The primary endpoints of the trial were safety and feasibility.
Use of NBTXR3 showed excellent safety profile with no adverse effects. The injection was feasible and appropriate as the product remained in the tumor from the first day until the last day of radiotherapy.
The overall response rate, which was evaluated as per response evaluation criteria in solid tumors 1.1, was 91%, and seven out of nine patients had complete response at 10% dose level or more.
The trial showed that all patients treated at higher dose levels of 15% and 22% had an extended response with no loco-regional or distant relapse, with a medium follow up of 12 months.
The study also showed that most of the complete responses occurred between three and 10 months after the end of the treatment, during the follow-up period when patients were not receiving any oncology treatments.

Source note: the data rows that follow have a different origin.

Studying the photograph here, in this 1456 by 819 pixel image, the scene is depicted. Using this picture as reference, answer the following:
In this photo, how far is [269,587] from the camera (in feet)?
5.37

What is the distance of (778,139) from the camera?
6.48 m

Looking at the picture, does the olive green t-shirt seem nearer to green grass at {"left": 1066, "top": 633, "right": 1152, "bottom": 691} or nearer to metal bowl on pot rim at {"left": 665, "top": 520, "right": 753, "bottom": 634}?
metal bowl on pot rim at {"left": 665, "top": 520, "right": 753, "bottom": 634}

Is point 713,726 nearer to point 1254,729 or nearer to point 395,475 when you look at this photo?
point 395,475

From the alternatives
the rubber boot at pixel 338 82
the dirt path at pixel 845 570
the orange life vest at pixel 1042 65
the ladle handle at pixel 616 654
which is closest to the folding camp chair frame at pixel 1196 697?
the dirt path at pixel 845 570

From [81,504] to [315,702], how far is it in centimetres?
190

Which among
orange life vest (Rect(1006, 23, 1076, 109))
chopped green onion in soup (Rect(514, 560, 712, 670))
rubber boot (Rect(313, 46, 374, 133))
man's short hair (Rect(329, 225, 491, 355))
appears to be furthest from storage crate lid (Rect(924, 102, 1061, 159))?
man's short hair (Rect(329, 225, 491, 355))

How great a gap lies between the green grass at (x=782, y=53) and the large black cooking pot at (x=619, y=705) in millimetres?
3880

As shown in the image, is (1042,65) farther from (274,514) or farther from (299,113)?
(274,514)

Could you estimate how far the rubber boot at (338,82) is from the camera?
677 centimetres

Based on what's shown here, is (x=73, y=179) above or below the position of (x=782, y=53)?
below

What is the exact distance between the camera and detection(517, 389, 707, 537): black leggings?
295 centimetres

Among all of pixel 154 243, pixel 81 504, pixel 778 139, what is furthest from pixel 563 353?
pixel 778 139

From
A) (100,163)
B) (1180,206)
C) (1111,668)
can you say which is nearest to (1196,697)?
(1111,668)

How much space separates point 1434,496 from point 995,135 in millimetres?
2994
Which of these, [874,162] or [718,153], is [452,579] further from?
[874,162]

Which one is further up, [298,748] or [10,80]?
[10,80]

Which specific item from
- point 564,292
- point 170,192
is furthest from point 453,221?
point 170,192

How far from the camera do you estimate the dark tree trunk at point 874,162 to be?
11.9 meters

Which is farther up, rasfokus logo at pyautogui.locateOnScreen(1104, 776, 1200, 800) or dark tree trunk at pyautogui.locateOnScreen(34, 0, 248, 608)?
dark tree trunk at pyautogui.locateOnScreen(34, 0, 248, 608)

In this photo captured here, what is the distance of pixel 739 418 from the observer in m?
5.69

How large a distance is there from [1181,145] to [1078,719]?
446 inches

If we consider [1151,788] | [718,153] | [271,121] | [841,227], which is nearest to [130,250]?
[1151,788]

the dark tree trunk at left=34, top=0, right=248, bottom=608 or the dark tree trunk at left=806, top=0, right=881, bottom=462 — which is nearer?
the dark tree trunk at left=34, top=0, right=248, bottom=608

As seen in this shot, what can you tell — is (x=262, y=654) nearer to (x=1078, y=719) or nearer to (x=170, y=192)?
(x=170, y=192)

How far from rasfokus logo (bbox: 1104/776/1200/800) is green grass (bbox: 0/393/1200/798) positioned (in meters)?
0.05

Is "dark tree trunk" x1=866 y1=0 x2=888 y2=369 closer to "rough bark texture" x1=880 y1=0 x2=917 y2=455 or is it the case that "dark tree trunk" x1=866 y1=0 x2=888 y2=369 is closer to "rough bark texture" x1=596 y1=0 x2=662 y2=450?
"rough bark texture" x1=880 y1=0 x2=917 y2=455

Nanobiotix will include an immunological biomarkers analysis in the study.
The safety profile of the product also opens up opportunities for its combination with different types of treatment.
Nanobiotix is filing a protocol amendment of the trial to include 44 additional patients in an expansion to demonstrate the efficacy of the product.
The French late stage clinical company is opening 12-15 additional sites in Europe to expand the development of this indication and also plans to expand the study in the U.S.